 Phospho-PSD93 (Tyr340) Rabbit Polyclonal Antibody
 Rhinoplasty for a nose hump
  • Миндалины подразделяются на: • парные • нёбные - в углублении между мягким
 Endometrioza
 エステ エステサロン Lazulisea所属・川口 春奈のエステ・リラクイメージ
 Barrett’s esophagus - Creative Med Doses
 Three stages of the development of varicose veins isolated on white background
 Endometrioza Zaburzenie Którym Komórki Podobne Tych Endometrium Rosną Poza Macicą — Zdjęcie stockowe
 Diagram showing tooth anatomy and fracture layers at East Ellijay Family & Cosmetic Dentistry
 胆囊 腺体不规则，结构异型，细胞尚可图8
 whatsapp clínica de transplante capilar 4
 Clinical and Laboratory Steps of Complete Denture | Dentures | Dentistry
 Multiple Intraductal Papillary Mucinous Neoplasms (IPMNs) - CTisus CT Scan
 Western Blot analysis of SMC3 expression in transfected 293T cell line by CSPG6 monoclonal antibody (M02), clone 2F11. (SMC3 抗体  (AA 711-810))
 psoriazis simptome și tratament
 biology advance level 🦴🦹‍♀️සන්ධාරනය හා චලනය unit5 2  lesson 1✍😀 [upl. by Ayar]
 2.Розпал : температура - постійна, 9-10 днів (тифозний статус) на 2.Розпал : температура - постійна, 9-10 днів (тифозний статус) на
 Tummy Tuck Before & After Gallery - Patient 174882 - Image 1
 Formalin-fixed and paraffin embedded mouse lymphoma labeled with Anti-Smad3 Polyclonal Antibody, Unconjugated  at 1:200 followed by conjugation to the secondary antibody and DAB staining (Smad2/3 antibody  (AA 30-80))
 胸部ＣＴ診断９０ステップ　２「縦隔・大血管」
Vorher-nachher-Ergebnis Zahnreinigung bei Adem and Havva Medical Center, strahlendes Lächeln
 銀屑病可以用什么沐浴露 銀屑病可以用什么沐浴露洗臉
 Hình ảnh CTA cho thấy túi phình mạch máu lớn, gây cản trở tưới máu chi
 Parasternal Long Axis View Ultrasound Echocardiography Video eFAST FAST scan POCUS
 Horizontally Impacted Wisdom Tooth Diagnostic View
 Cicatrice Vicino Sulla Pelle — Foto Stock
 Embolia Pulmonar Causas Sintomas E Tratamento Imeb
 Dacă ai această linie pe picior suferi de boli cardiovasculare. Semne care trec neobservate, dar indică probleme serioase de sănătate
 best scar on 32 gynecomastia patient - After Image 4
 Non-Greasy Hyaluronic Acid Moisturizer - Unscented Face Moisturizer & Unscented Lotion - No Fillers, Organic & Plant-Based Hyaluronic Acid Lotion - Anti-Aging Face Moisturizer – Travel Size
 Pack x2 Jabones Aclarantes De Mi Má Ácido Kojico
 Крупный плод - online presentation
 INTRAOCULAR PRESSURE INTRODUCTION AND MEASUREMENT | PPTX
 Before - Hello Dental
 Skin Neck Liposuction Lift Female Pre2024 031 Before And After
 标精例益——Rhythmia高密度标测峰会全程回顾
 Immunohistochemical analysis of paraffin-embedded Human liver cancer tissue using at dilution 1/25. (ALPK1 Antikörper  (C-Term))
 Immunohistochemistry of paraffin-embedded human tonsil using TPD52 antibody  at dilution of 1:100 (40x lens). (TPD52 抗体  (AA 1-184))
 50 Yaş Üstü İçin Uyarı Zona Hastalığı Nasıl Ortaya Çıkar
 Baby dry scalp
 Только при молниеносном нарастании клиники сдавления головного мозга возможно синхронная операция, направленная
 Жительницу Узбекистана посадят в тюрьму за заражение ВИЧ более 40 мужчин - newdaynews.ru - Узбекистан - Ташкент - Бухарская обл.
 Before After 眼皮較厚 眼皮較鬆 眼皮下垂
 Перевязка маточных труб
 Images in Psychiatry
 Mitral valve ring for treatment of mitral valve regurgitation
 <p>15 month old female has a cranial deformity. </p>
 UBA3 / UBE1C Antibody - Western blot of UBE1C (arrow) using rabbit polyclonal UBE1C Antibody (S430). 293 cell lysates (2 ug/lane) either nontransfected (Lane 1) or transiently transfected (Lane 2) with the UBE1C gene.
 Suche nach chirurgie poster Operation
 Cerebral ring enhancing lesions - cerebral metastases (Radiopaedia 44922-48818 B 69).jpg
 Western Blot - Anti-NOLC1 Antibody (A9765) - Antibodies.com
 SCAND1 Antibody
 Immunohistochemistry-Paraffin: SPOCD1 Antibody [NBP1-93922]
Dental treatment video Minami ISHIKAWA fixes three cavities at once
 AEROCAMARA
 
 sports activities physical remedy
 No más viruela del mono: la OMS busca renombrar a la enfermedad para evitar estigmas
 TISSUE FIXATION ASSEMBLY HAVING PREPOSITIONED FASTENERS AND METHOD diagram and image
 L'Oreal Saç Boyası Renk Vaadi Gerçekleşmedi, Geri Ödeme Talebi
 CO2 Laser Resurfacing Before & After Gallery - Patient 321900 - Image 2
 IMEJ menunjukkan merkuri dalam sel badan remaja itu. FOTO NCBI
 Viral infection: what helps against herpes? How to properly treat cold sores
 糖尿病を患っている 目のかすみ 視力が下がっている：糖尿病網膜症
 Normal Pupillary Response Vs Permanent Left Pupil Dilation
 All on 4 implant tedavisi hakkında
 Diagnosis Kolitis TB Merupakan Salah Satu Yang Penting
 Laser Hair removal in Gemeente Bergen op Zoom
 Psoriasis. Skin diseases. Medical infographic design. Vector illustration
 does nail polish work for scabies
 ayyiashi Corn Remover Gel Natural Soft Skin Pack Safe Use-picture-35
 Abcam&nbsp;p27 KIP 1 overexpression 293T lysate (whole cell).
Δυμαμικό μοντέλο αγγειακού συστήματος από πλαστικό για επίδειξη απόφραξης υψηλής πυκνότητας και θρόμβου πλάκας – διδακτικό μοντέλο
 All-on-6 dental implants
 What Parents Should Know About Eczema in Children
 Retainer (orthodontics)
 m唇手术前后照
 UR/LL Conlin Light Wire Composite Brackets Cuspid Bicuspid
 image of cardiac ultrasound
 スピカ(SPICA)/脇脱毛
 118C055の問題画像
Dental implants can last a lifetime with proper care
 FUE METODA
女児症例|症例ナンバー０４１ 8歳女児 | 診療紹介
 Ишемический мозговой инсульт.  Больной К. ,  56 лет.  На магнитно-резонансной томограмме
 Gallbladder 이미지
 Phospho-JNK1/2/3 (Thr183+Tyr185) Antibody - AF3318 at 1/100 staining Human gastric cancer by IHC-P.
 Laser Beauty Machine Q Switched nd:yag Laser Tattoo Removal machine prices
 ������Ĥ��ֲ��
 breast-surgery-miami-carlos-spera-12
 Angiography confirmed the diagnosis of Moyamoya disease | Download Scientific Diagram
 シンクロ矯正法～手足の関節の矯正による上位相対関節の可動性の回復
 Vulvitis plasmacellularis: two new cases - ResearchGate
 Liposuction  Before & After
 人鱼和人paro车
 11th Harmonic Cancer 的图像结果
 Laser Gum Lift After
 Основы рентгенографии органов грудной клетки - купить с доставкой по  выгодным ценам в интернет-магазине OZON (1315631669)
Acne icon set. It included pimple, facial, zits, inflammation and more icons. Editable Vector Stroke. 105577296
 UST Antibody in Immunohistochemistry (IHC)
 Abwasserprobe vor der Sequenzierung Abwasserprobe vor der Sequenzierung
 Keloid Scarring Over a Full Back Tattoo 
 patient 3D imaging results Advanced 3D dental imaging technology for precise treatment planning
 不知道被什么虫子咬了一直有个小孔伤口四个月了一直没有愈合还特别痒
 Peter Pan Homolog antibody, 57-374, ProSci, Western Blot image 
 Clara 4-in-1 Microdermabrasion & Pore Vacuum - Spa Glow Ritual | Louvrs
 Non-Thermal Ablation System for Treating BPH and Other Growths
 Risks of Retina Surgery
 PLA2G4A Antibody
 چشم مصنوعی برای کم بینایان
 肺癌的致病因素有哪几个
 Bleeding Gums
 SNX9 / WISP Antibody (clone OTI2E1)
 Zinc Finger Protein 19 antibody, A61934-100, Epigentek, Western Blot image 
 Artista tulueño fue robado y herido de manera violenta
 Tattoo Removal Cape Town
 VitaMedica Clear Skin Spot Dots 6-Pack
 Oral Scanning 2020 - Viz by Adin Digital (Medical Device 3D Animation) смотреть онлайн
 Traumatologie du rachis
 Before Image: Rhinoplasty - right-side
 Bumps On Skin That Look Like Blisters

• Your goal
Please retype the listing word for word, from its first line through the line containing "best scar on", and add nothing else.

• Answer to this problem
 Phospho-PSD93 (Tyr340) Rabbit Polyclonal Antibody
 Rhinoplasty for a nose hump
  • Миндалины подразделяются на: • парные • нёбные - в углублении между мягким
 Endometrioza
 エステ エステサロン Lazulisea所属・川口 春奈のエステ・リラクイメージ
 Barrett’s esophagus - Creative Med Doses
 Three stages of the development of varicose veins isolated on white background
 Endometrioza Zaburzenie Którym Komórki Podobne Tych Endometrium Rosną Poza Macicą — Zdjęcie stockowe
 Diagram showing tooth anatomy and fracture layers at East Ellijay Family & Cosmetic Dentistry
 胆囊 腺体不规则，结构异型，细胞尚可图8
 whatsapp clínica de transplante capilar 4
 Clinical and Laboratory Steps of Complete Denture | Dentures | Dentistry
 Multiple Intraductal Papillary Mucinous Neoplasms (IPMNs) - CTisus CT Scan
 Western Blot analysis of SMC3 expression in transfected 293T cell line by CSPG6 monoclonal antibody (M02), clone 2F11. (SMC3 抗体  (AA 711-810))
 psoriazis simptome și tratament
 biology advance level 🦴🦹‍♀️සන්ධාරනය හා චලනය unit5 2  lesson 1✍😀 [upl. by Ayar]
 2.Розпал : температура - постійна, 9-10 днів (тифозний статус) на 2.Розпал : температура - постійна, 9-10 днів (тифозний статус) на
 Tummy Tuck Before & After Gallery - Patient 174882 - Image 1
 Formalin-fixed and paraffin embedded mouse lymphoma labeled with Anti-Smad3 Polyclonal Antibody, Unconjugated  at 1:200 followed by conjugation to the secondary antibody and DAB staining (Smad2/3 antibody  (AA 30-80))
 胸部ＣＴ診断９０ステップ　２「縦隔・大血管」
Vorher-nachher-Ergebnis Zahnreinigung bei Adem and Havva Medical Center, strahlendes Lächeln
 銀屑病可以用什么沐浴露 銀屑病可以用什么沐浴露洗臉
 Hình ảnh CTA cho thấy túi phình mạch máu lớn, gây cản trở tưới máu chi
 Parasternal Long Axis View Ultrasound Echocardiography Video eFAST FAST scan POCUS
 Horizontally Impacted Wisdom Tooth Diagnostic View
 Cicatrice Vicino Sulla Pelle — Foto Stock
 Embolia Pulmonar Causas Sintomas E Tratamento Imeb
 Dacă ai această linie pe picior suferi de boli cardiovasculare. Semne care trec neobservate, dar indică probleme serioase de sănătate
 best scar on 32 gynecomastia patient - After Image 4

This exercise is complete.